#### Data provided ####

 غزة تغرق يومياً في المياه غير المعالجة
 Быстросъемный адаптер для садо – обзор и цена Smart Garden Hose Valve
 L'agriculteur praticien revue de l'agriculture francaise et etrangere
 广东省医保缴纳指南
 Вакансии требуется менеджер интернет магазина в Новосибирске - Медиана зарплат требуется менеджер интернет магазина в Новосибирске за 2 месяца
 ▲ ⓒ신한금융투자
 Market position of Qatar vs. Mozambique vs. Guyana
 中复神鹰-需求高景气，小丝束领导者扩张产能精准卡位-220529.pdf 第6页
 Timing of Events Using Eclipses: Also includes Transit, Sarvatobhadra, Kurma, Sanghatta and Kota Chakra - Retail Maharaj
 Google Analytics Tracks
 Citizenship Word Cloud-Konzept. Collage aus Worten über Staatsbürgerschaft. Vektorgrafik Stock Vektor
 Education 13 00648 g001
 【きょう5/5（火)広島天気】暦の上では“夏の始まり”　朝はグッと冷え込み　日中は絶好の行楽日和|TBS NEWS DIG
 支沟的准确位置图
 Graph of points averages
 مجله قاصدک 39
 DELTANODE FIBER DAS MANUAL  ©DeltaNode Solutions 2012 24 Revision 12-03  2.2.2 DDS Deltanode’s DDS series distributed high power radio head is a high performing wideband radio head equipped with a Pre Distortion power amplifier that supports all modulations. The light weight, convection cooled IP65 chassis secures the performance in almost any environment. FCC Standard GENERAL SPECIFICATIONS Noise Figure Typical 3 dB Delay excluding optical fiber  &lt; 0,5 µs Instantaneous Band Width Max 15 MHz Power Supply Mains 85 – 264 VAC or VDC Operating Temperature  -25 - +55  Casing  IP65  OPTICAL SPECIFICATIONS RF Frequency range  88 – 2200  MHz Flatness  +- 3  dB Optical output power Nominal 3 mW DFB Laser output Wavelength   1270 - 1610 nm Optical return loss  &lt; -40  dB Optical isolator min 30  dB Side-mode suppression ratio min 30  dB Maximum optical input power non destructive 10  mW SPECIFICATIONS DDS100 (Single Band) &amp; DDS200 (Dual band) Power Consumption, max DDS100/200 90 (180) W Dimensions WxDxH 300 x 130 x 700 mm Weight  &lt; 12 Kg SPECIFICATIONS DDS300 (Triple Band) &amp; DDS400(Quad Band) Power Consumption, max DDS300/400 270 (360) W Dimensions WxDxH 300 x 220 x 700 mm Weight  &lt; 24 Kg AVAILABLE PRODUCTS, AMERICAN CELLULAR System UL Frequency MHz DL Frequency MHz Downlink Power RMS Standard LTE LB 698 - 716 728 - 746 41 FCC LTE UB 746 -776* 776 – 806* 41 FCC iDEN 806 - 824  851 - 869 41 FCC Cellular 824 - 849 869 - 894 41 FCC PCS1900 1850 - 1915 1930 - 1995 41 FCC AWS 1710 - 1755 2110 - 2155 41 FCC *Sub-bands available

####

→ Task
Write out the data a second time, exactly the same.

→ Output below
 غزة تغرق يومياً في المياه غير المعالجة
 Быстросъемный адаптер для садо – обзор и цена Smart Garden Hose Valve
 L'agriculteur praticien revue de l'agriculture francaise et etrangere
 广东省医保缴纳指南
 Вакансии требуется менеджер интернет магазина в Новосибирске - Медиана зарплат требуется менеджер интернет магазина в Новосибирске за 2 месяца
 ▲ ⓒ신한금융투자
 Market position of Qatar vs. Mozambique vs. Guyana
 中复神鹰-需求高景气，小丝束领导者扩张产能精准卡位-220529.pdf 第6页
 Timing of Events Using Eclipses: Also includes Transit, Sarvatobhadra, Kurma, Sanghatta and Kota Chakra - Retail Maharaj
 Google Analytics Tracks
 Citizenship Word Cloud-Konzept. Collage aus Worten über Staatsbürgerschaft. Vektorgrafik Stock Vektor
 Education 13 00648 g001
 【きょう5/5（火)広島天気】暦の上では“夏の始まり”　朝はグッと冷え込み　日中は絶好の行楽日和|TBS NEWS DIG
 支沟的准确位置图
 Graph of points averages
 مجله قاصدک 39
 DELTANODE FIBER DAS MANUAL  ©DeltaNode Solutions 2012 24 Revision 12-03  2.2.2 DDS Deltanode’s DDS series distributed high power radio head is a high performing wideband radio head equipped with a Pre Distortion power amplifier that supports all modulations. The light weight, convection cooled IP65 chassis secures the performance in almost any environment. FCC Standard GENERAL SPECIFICATIONS Noise Figure Typical 3 dB Delay excluding optical fiber  &lt; 0,5 µs Instantaneous Band Width Max 15 MHz Power Supply Mains 85 – 264 VAC or VDC Operating Temperature  -25 - +55  Casing  IP65  OPTICAL SPECIFICATIONS RF Frequency range  88 – 2200  MHz Flatness  +- 3  dB Optical output power Nominal 3 mW DFB Laser output Wavelength   1270 - 1610 nm Optical return loss  &lt; -40  dB Optical isolator min 30  dB Side-mode suppression ratio min 30  dB Maximum optical input power non destructive 10  mW SPECIFICATIONS DDS100 (Single Band) &amp; DDS200 (Dual band) Power Consumption, max DDS100/200 90 (180) W Dimensions WxDxH 300 x 130 x 700 mm Weight  &lt; 12 Kg SPECIFICATIONS DDS300 (Triple Band) &amp; DDS400(Quad Band) Power Consumption, max DDS300/400 270 (360) W Dimensions WxDxH 300 x 220 x 700 mm Weight  &lt; 24 Kg AVAILABLE PRODUCTS, AMERICAN CELLULAR System UL Frequency MHz DL Frequency MHz Downlink Power RMS Standard LTE LB 698 - 716 728 - 746 41 FCC LTE UB 746 -776* 776 – 806* 41 FCC iDEN 806 - 824  851 - 869 41 FCC Cellular 824 - 849 869 - 894 41 FCC PCS1900 1850 - 1915 1930 - 1995 41 FCC AWS 1710 - 1755 2110 - 2155 41 FCC *Sub-bands available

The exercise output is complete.